● Task instructions
The records below are to be copied word for word, with every picture left out.

*** Begin section ***

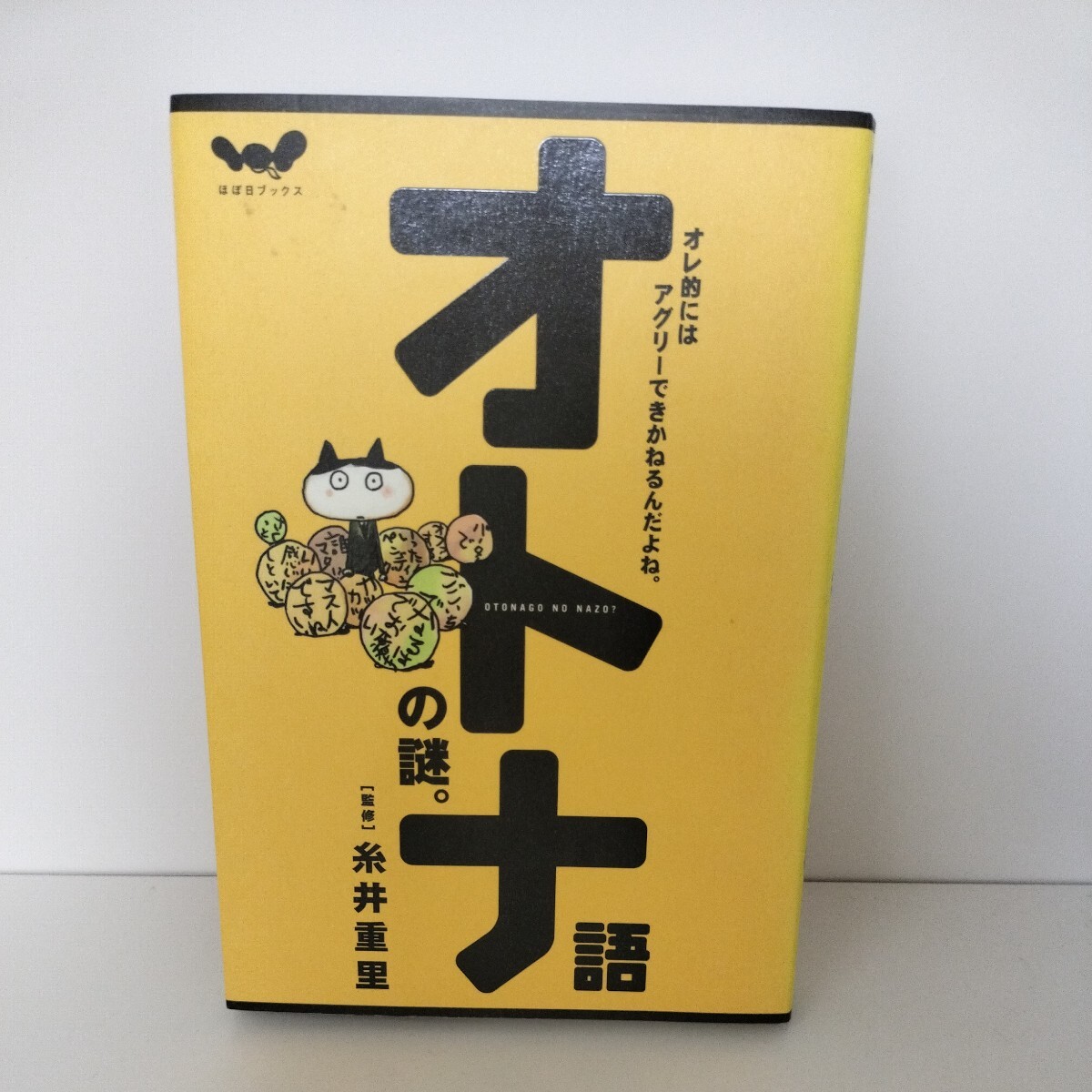 オトナ語の謎　オレ的にはアグリーできかねるんだよね。監修　糸井重里_画像1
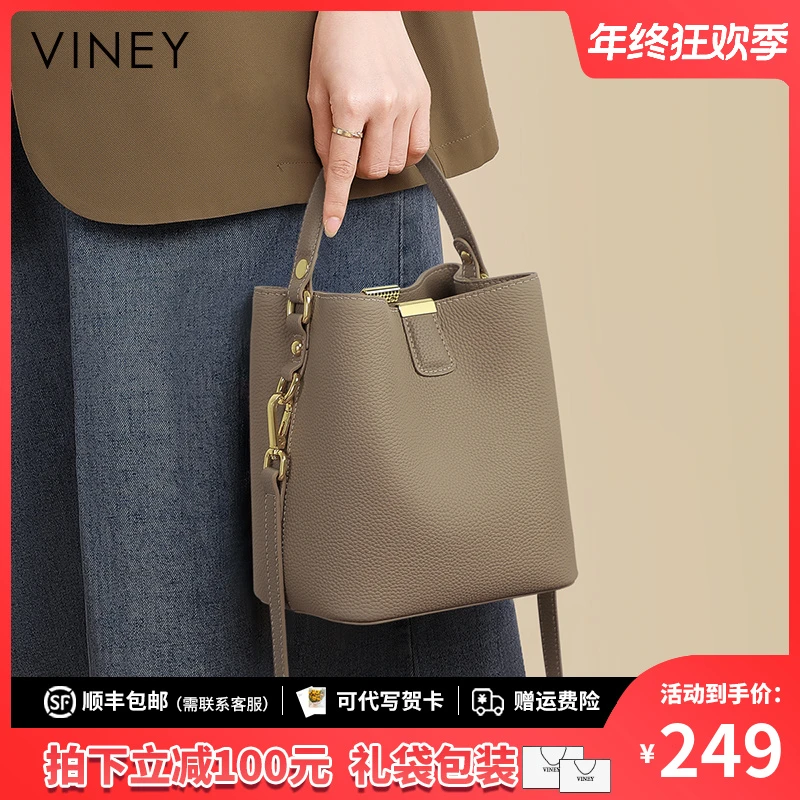 Viney真皮包包女2025斜挎手提大容量水桶包生日圣诞礼物送女生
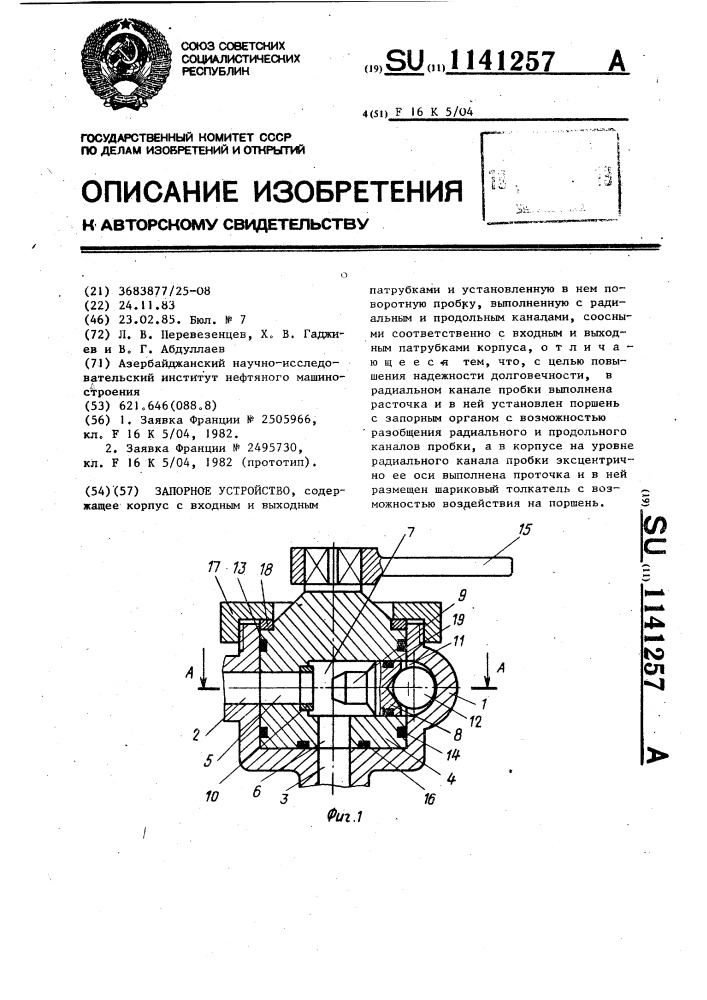 Запорное устройство (патент 1141257)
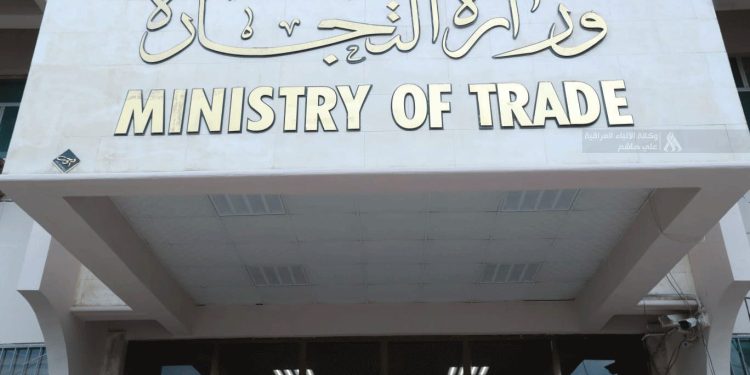 الحكومة العراقية تحدّد 6 أهداف استراتيجية لقرار بيع الحنطة للمطاحن الأهلية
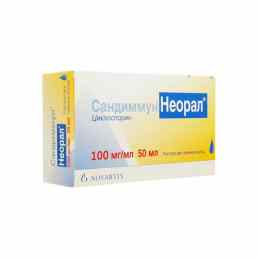 Сандиммун неорал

*** End section ***

● Answer section
 オトナ語の謎　オレ的にはアグリーできかねるんだよね。監修　糸井重里_画像1
 Viney真皮包包女2025斜挎手提大容量水桶包生日圣诞礼物送女生
 Запорное устройство (патент 1141257)
 الحكومة العراقية تحدّد 6 أهداف استراتيجية لقرار بيع الحنطة للمطاحن الأهلية
 Сандиммун неорал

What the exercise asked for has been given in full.